A Historic Moment – It’s a Deal

iran-nuclearUSA Today – (2 April 2015)  Iran and six world powers reached a historic agreement Thursday on a broad framework for resolving their long-standing dispute over Iran’s nuclear program, which has left the Islamic nation economically isolated.

“Today, we have taken a decisive step. We have reached solutions on key parameters for a comprehensive future nuclear deal,” European Union Foreign Affairs Minister Federica Mogherini said in formally announcing the deal in Lausanne, Switzerland.

John Kerry and his team watch from Lausanne, Switzerland as President Obama makes his state address on the status of the Iran nuclear program talks on April 2nd.

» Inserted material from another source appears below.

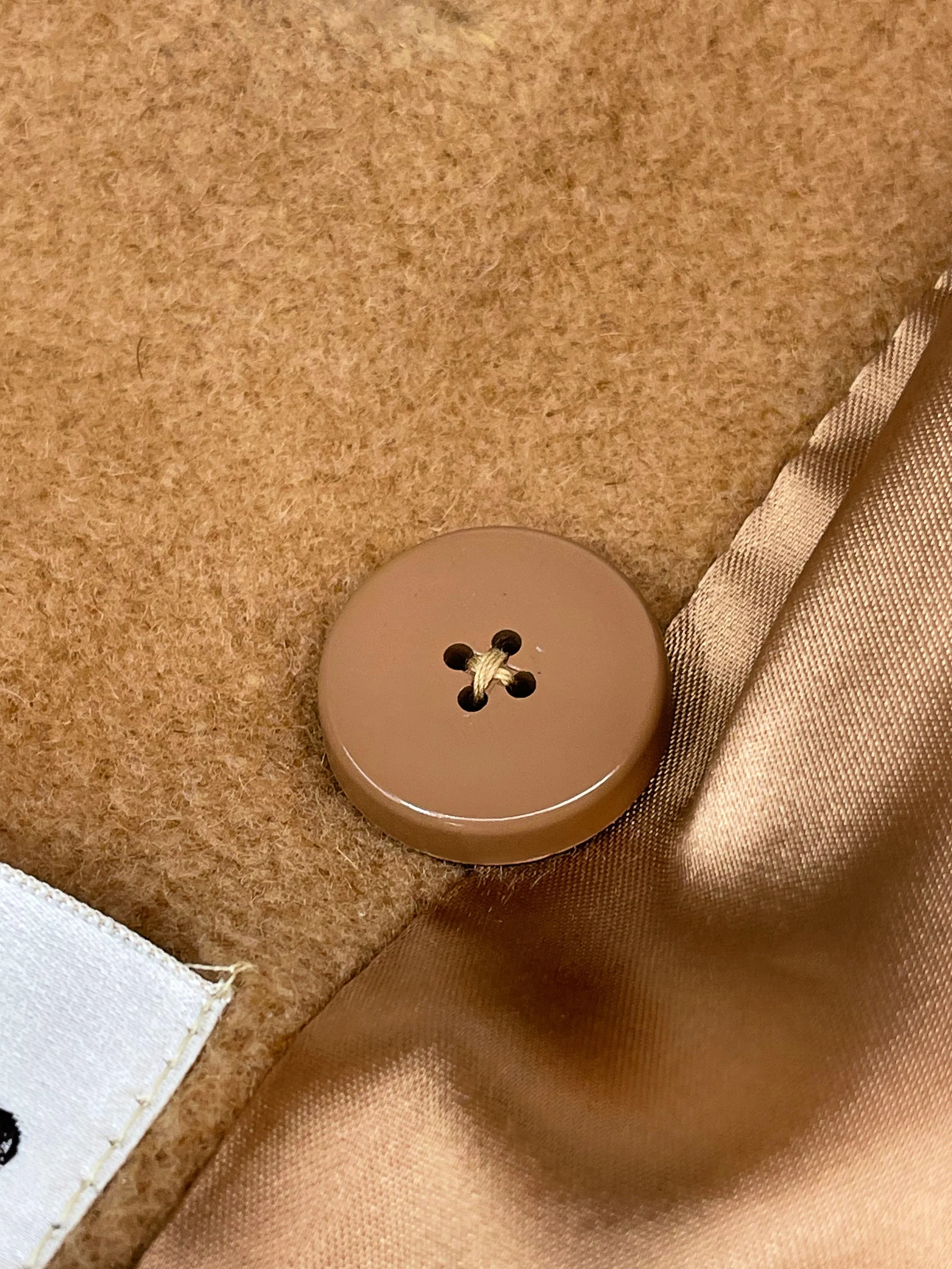 Vintage womens fully lined double breasted button front camel hair coat by JJ ODonnell for Montgomery Ward.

Photo: Reuters

John Kerry and his team watch from Lausanne, Switzerland as President Obama makes his state address on the status of the Iran nuclear program talks on April 2nd. Photo: Reuters

She said Iran would not produce weapons-grade fuel and international monitors will have enhanced access to Iran’s nuclear facilities.

She said sanctions would be “terminated” but did not specify the timetable, which has been a sticking point of the negotiations. Iran pushed to lift them immediately, while the United States wants most of them in place until Iran follows through on terms of the deal.The precise timing will be determined as the negotiators work out a final agreement scheduled for completion in June.

So what’s the big deal? The whole “historic” episode is shrouded with controversies and contradictions. Deal or no deal, nobody seems to be sure after the announcement. Perhaps Google translate didn’t do a good job. The US version doesn’t agree with the French version, neither does the Iranian version. Contradictions are splattered all over the crux of the “agreement”. Was there really a deal? New York Post reported the deal with much sarcasm:

All we have is a number of contradictory statements by various participants in the latest round of talks in Switzerland, which together amount to a diplomatic dog’s dinner.

First, we have a joint statement in English in 291 words by Iranian Foreign Minister Muhammad Javad Zarif and the European Union foreign policy point-woman Federica Mogherini, who led the so-called P5+1 group of nations including the US in the negotiations.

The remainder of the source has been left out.